Your task is to reproduce exactly the lines from the one containing "Hello everyone, today" through the last line below, both ends included, and nothing else, with no pictures.

Stored data:
+===+

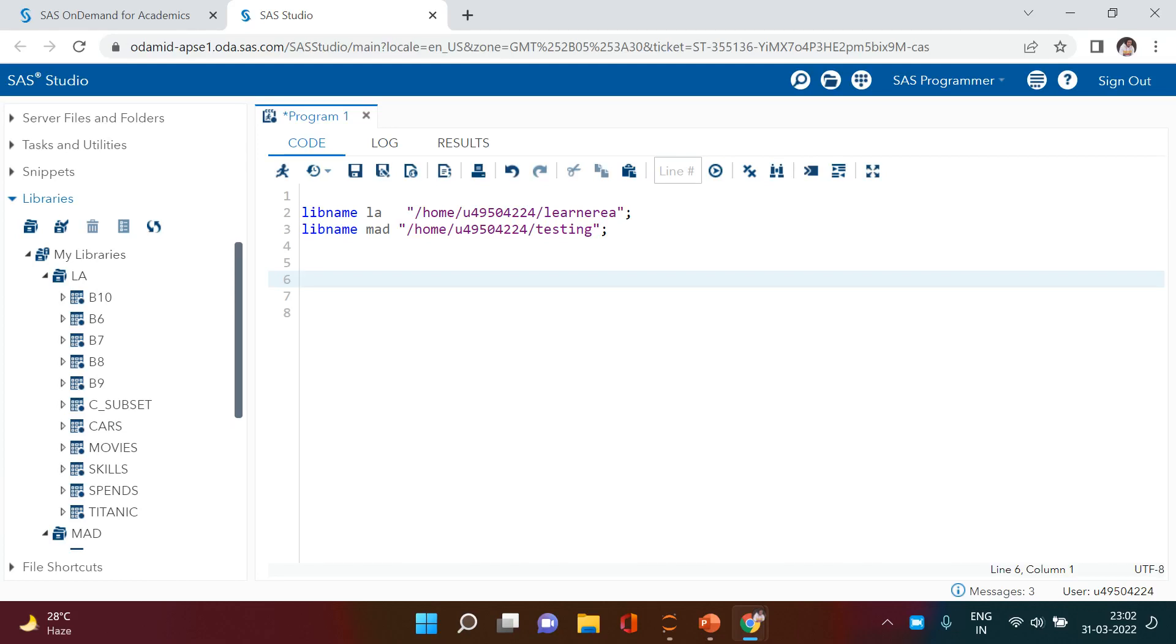Hello everyone. Today I'm going to tell you something really interesting. Let's understand - here you see a library called LA, and this has all these tables.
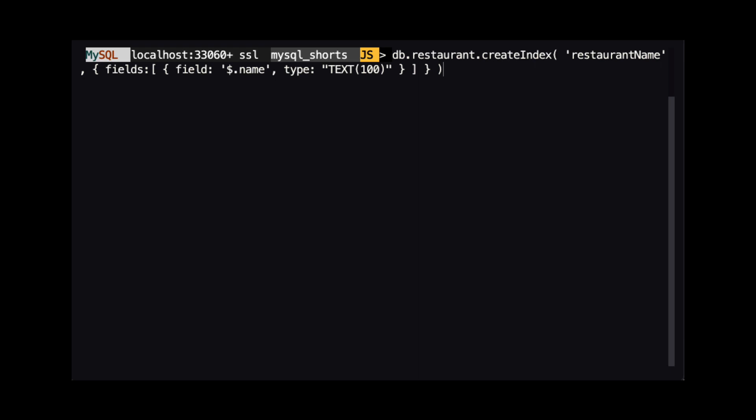In our example, we create an index named restaurant name on the restaurant collection. We are also indexing a single property named name, which is off the root of our JSON document. Lastly, we specify that the index is of type text with a length of 100 characters.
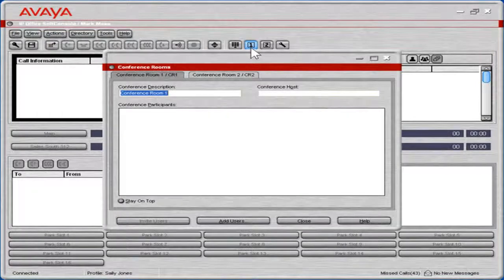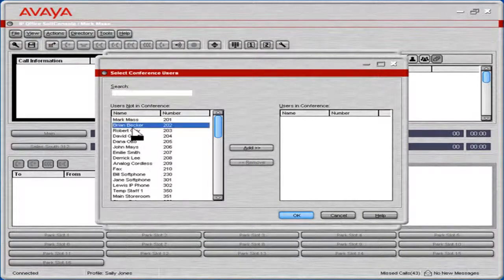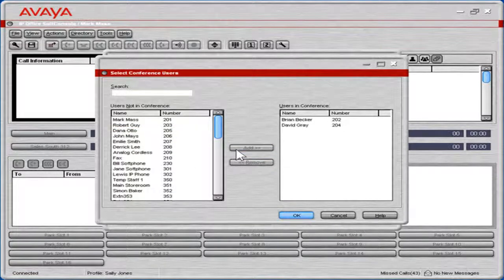To add users to the conference call, click Add Users. Select the appropriate users from the Users Not in Conference list box. Click Add. Click OK.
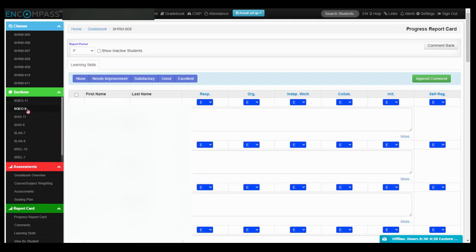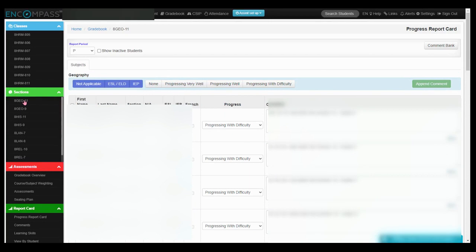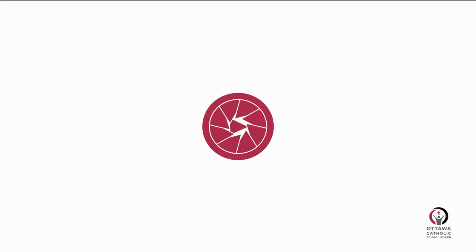Underneath this section will be a green section. This is where all your subjects sections are located. Click through each of your subjects to do your grades and comments. Thanks for listening.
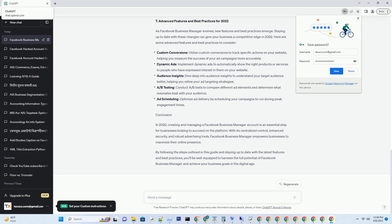Introduction. In today's digital age, Facebook continues to be a powerhouse for businesses looking to connect with their target audience. To effectively manage your business' presence on the platform, you need to set up a Facebook Business Manager account. This comprehensive guide will walk you through the process step-by-step, ensuring you have all the tools and knowledge you need to succeed in 2022 and beyond.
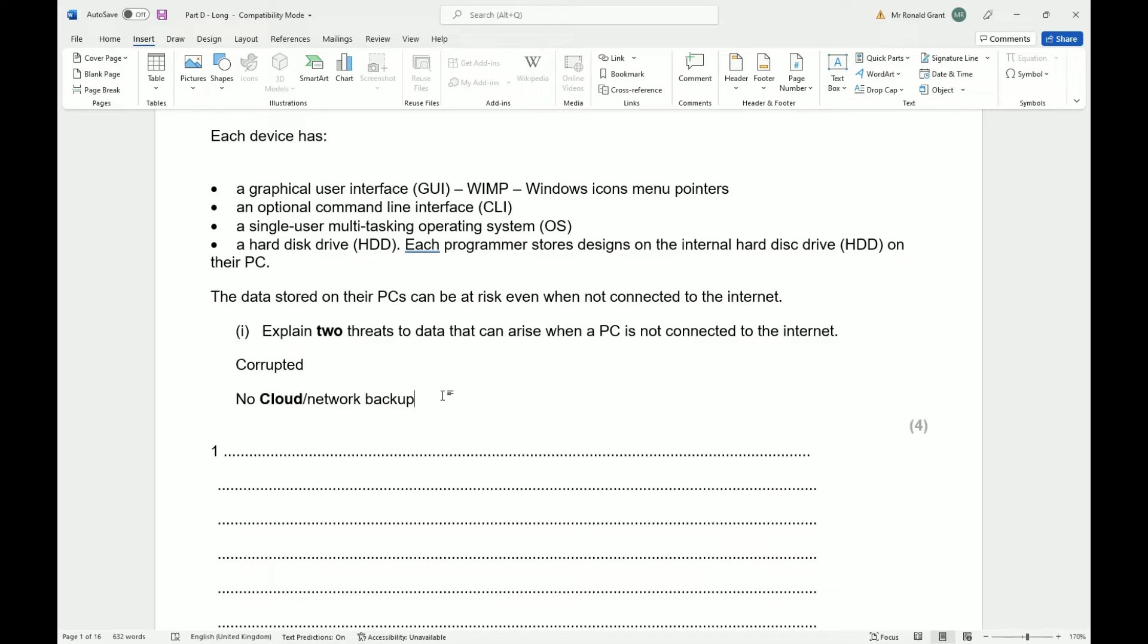So that's one there. Another one is you have no backup when you're not connected to the internet. Well, no cloud backup let's say. No cloud or network backup. I showed you in previous videos how to attach a backup server to a switch and a switch to a PC and then you can back your files up that way. If you have no internet access, you won't specifically, you won't have any cloud backup. So if someone were to come to the office and steal the PC, the PC gets damaged, there's a flood, there's a fire.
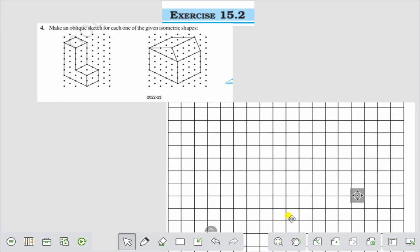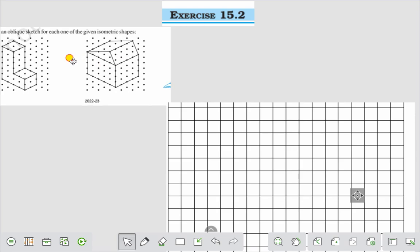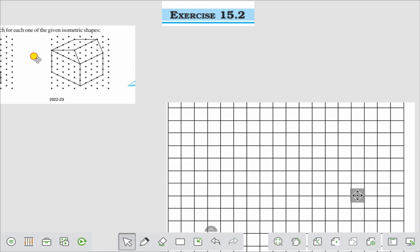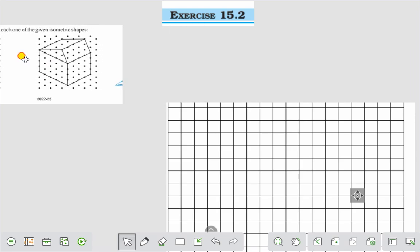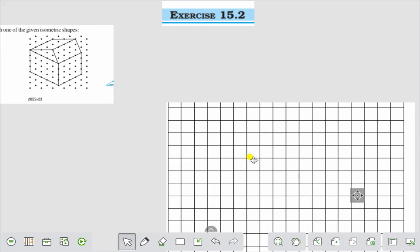Hello everyone, today we shall discuss Exercise 15.2, Question 4: make an oblique sketch for each one of the given isometric shapes. We have drawn this one; we will draw this figure. Let us draw this figure with the help of graph paper.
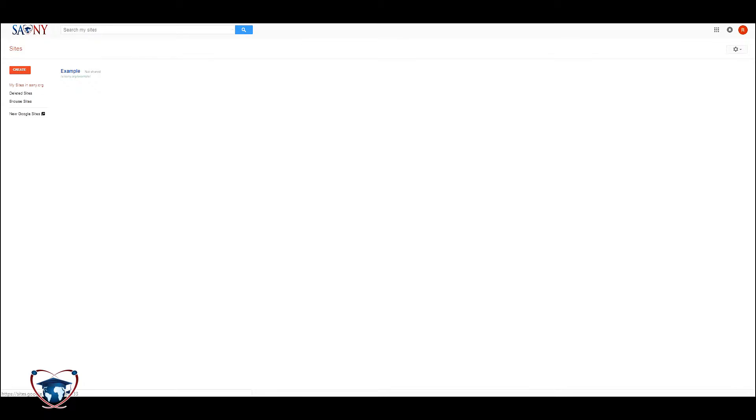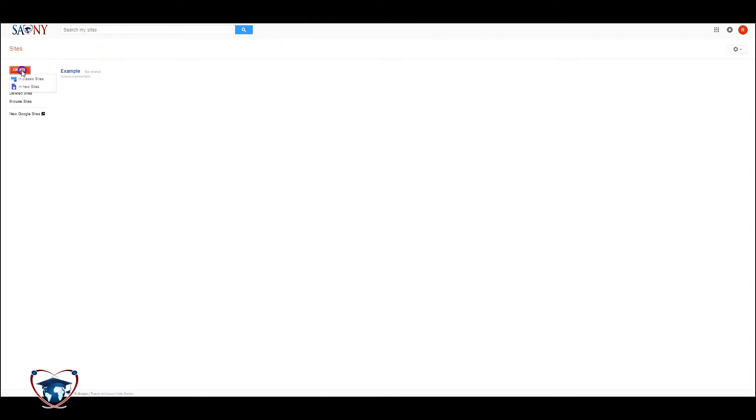Now, you're going to see a couple of options when you go to the Create button. This is Google Sites. We're going to hit Create. Now, you're going to get options for classic sites and new sites.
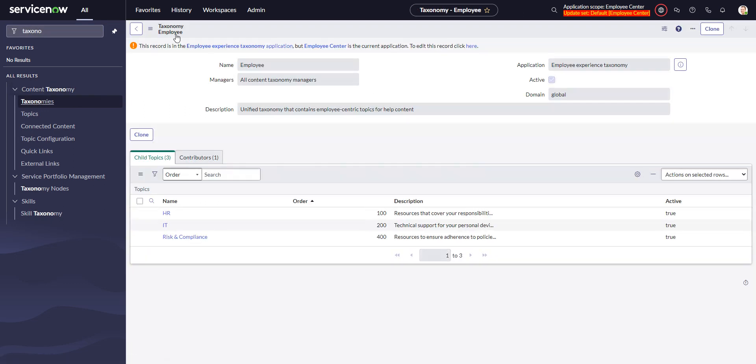It's probably best to keep your - so the idea is we're going to clone this into a new taxonomy and assign that new taxonomy to the employee center portal. While we could clone it into the employee center scope, it's probably best to keep things kind of in the scope that they came from.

+===+

§ Exercise output
Hello everyone, today we shall discuss Exercise 15.2, Question 4: make an oblique sketch for each one of the given isometric shapes. We have drawn this one; we will draw this figure. Let us draw this figure with the help of graph paper.
Now, you're going to see a couple of options when you go to the Create button. This is Google Sites. We're going to hit Create. Now, you're going to get options for classic sites and new sites.
It's probably best to keep your - so the idea is we're going to clone this into a new taxonomy and assign that new taxonomy to the employee center portal. While we could clone it into the employee center scope, it's probably best to keep things kind of in the scope that they came from.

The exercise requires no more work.